If you took a chance on starting your own company or moving to a different industry or handling a project outside your normal skill set—and failed or were fired—you have to focus on recovery, both in life and in your resume. In the course of my own career, I have found myself working at incompatible companies and I have made major changes in career goals. I know failure is hard.
How do you handle failure on your resume?
First, focus on that good news. You started your own company and kept your skills fresh. You took a chance when others wouldn’t. You tried something new. That shows initiative, courage and accountability. Or maybe you were fired because you took chances you should not have taken or failed to follow through. The fact that a lesson was learned is also valuable.
Second and most important, you likely had some successes even if you currently think you failed. If you started your own company, did you earn some income, set up the corporate governance, set up a website, hire staff, develop a new product, or have some other successes? If let go or fired from a company, did you succeed for years, was the “failure” a change of culture or management, did you have an outside event that caused you not to succeed?
Third, keep in mind that several of the current candidates for President of the United States suffered failure during their careers, including bankruptcy, firing and dismissal. You are not alone. Consider your moment of failure an opportunity to evaluate where you want to go in your career. When you set a goal and work toward it, failure becomes a minor blip in the road. Most people who are successful first fail. Failure is just a step toward learning what you need to do next.

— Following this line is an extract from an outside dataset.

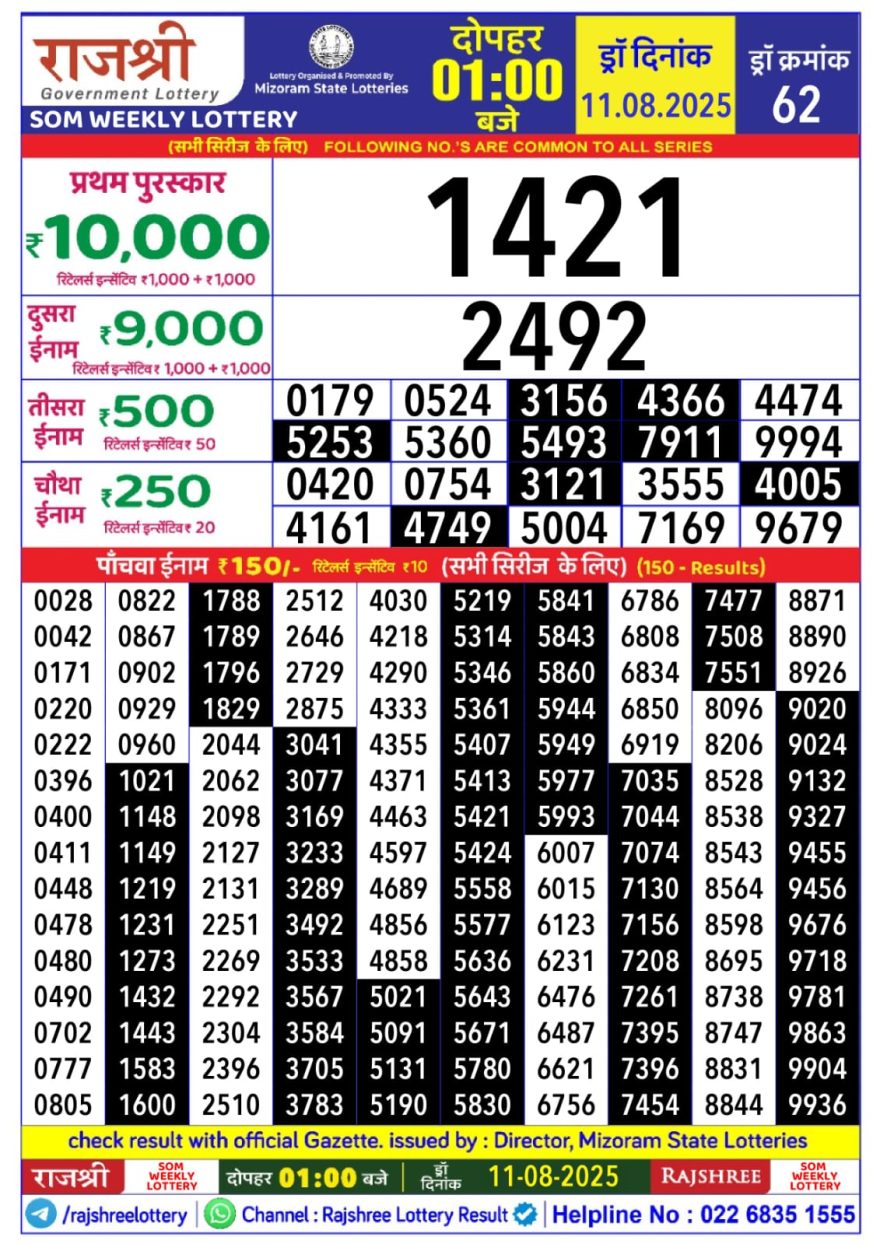 Lottery Result Today August 11, 2025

Fourth, give a professional resume writer a chance to work with your resume. Maybe you need a section that highlights your past achievements before delving into your present lack of a job. Maybe you need to reframe a layoff with a brief explanation such as “company closed” or “multiple rounds of downsizing.” Professional resume writers have strategies for dealing with awkward career facts.
Fifth, take a good look at your resume before the failure. Remind yourself of past achievements and accomplishments. You are greater than your current situation.
Sixth, view your failure as a success. By failing, you are now no longer in the situation that probably was causing you stress and angst. In many cases, being forced to leave a situation can put you on the path towards success – just the boost you needed to move forward in your life and your career. Instead of looking it as a failure, do a paradigm shift and look at this as the next stepping stone in your career.